» Exercise instructions: Find the string "What" in the records. Copy every line it appears in.

» Input records:
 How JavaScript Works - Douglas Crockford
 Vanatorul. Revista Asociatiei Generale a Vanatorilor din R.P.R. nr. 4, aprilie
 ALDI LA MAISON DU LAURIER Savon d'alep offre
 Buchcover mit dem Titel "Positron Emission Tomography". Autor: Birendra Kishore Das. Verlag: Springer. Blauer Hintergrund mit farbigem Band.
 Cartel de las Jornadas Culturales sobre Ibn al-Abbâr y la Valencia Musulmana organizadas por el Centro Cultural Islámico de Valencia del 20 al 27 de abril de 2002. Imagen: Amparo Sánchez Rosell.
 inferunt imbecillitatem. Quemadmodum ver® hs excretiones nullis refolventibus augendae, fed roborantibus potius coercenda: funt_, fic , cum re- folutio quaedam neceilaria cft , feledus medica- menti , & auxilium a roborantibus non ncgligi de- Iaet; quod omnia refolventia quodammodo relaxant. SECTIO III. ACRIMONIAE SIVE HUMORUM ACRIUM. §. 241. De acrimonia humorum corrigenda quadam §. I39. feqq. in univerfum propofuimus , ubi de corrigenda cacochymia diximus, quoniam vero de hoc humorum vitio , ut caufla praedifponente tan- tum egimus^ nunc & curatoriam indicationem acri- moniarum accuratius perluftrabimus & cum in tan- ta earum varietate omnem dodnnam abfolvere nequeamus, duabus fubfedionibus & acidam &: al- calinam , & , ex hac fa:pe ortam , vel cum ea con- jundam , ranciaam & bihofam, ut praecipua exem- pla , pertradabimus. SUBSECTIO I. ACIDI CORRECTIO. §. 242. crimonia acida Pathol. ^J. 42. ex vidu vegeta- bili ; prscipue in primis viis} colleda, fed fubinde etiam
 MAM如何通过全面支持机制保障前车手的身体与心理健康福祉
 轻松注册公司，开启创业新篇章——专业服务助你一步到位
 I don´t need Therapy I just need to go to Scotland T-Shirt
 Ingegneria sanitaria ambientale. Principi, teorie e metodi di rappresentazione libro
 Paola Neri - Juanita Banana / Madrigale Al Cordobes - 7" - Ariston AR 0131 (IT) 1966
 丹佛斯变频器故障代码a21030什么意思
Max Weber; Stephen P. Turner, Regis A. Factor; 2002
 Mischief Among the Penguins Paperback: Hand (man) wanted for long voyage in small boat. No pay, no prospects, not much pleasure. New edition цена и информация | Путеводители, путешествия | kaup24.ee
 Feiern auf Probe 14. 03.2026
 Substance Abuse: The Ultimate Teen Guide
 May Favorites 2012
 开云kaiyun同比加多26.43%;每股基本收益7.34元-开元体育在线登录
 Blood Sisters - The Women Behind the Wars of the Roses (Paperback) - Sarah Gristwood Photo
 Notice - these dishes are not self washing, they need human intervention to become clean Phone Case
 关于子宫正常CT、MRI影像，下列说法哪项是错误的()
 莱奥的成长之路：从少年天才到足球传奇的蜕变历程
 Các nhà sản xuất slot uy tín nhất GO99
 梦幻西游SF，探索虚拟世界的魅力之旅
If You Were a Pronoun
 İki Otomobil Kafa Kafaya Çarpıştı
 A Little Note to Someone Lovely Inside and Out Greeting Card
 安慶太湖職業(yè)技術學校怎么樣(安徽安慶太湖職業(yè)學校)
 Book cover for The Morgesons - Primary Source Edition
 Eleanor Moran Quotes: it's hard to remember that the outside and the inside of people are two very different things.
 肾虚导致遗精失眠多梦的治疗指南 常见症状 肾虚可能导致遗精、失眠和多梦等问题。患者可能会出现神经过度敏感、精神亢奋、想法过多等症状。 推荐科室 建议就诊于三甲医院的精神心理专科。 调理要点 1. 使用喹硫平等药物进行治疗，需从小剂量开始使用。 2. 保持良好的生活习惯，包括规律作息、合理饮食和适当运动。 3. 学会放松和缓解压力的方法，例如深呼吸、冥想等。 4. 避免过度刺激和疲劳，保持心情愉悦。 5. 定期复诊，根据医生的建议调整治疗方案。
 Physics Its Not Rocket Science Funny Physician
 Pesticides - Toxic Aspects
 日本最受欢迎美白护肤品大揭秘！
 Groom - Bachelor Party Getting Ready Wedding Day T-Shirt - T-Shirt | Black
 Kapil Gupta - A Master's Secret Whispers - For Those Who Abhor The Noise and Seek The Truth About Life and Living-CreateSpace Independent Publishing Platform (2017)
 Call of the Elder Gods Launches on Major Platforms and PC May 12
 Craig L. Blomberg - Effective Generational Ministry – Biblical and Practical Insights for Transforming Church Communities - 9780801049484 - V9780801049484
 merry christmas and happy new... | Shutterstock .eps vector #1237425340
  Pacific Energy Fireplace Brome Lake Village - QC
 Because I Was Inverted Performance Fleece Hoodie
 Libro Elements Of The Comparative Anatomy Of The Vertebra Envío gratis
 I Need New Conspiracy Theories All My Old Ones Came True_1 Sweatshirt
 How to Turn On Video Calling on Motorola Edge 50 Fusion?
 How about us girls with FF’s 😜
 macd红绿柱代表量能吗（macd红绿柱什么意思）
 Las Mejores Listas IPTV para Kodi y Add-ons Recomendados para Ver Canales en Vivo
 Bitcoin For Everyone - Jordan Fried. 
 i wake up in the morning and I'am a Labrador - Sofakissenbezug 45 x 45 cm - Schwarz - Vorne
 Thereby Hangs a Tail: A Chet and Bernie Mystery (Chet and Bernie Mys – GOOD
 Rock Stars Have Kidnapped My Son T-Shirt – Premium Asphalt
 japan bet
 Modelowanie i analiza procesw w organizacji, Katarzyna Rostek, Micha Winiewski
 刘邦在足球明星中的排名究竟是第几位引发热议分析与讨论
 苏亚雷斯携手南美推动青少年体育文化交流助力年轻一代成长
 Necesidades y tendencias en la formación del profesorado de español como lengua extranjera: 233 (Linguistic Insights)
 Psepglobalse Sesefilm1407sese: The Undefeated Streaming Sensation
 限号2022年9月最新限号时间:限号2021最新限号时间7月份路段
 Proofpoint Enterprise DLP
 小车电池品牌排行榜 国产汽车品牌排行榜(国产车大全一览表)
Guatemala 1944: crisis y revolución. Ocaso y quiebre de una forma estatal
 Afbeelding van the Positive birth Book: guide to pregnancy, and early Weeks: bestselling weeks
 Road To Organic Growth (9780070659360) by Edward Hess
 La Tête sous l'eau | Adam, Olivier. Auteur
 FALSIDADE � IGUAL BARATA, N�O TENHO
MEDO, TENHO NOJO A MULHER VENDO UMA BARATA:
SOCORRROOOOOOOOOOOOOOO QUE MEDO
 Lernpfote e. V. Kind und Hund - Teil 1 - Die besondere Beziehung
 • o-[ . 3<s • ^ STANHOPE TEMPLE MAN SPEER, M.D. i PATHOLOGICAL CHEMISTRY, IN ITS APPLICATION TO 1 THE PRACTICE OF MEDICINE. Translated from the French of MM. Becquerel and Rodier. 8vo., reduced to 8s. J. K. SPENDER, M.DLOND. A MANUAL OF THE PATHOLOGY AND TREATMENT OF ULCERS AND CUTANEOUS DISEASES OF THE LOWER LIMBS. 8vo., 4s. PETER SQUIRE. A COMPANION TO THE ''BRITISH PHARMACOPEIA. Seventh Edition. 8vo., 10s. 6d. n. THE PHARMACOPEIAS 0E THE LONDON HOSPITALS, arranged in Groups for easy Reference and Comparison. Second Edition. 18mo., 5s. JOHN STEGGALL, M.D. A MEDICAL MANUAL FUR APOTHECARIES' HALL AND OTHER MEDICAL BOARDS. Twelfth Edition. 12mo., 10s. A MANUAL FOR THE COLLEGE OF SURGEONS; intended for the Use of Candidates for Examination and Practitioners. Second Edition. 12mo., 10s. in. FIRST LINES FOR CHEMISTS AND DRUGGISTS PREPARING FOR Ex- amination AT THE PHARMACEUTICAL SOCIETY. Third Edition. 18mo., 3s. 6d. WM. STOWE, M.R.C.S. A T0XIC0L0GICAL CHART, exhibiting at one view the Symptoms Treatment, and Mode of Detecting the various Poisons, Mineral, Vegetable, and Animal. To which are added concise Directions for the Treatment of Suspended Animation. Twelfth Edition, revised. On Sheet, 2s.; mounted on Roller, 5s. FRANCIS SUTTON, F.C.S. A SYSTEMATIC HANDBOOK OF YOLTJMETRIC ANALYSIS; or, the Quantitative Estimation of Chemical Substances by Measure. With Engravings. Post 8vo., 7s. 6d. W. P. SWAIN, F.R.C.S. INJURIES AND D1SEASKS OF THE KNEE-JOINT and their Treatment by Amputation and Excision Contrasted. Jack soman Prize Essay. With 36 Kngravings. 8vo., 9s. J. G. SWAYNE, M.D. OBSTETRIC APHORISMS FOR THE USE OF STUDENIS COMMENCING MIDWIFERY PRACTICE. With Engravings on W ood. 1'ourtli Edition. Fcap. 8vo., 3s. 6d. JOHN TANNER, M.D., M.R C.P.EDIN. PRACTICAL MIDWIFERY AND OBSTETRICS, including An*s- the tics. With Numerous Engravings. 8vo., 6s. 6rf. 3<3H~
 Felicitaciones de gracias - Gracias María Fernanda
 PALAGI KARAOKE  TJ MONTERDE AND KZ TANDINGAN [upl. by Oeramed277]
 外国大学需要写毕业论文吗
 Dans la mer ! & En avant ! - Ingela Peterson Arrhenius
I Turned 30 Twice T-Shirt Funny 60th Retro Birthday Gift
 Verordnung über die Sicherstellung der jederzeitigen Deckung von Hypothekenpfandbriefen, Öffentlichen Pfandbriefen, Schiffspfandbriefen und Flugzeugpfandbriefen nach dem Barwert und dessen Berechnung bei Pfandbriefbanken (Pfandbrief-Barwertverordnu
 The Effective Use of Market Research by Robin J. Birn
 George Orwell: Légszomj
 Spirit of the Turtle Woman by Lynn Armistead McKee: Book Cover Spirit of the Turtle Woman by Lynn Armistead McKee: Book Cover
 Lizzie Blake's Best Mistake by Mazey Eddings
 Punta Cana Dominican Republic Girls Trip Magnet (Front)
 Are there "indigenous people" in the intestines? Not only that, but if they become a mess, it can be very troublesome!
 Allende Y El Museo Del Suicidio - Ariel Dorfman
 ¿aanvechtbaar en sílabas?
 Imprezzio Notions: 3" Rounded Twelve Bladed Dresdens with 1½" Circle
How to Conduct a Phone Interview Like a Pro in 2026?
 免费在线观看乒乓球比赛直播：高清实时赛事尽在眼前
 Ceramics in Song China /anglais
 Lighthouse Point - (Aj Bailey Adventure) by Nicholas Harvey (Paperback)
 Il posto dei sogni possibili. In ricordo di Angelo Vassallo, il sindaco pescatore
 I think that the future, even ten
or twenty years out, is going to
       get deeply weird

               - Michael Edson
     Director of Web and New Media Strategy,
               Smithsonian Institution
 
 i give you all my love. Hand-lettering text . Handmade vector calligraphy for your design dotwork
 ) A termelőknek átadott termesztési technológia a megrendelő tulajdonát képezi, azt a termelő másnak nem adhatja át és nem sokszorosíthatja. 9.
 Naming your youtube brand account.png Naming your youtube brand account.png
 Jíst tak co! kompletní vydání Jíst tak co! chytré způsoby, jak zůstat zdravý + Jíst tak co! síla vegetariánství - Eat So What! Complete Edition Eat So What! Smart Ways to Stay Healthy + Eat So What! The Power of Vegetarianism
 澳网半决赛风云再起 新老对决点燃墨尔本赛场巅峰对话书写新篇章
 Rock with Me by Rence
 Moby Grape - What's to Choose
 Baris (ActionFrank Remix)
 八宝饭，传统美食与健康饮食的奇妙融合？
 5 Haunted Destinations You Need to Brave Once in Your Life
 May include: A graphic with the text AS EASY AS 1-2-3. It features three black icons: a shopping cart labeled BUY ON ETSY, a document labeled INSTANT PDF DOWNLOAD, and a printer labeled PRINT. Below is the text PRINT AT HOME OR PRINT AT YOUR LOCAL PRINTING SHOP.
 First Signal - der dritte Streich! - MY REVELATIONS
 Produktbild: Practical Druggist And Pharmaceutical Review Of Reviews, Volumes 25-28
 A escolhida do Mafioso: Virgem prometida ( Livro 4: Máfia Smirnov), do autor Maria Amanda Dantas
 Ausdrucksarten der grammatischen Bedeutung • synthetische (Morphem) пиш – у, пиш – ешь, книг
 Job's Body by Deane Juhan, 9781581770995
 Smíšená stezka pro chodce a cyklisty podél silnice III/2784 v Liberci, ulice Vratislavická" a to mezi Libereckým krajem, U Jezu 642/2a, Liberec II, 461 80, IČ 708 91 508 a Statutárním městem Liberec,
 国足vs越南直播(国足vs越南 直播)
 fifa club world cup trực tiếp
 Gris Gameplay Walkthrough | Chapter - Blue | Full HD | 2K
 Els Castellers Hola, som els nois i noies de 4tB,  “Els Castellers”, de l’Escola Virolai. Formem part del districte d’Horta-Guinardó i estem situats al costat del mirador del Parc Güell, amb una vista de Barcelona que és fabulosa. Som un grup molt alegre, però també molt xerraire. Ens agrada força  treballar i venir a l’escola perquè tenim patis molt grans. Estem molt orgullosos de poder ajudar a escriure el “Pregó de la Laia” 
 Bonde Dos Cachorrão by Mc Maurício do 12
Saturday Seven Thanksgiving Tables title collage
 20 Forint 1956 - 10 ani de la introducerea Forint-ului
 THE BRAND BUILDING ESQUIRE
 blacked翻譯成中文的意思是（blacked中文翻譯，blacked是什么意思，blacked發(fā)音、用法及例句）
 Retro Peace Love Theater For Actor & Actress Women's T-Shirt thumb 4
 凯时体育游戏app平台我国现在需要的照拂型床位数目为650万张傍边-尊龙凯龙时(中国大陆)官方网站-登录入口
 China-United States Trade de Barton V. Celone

» Exercise answer:
 Jíst tak co! kompletní vydání Jíst tak co! chytré způsoby, jak zůstat zdravý + Jíst tak co! síla vegetariánství - Eat So What! Complete Edition Eat So What! Smart Ways to Stay Healthy + Eat So What! The Power of Vegetarianism
 Moby Grape - What's to Choose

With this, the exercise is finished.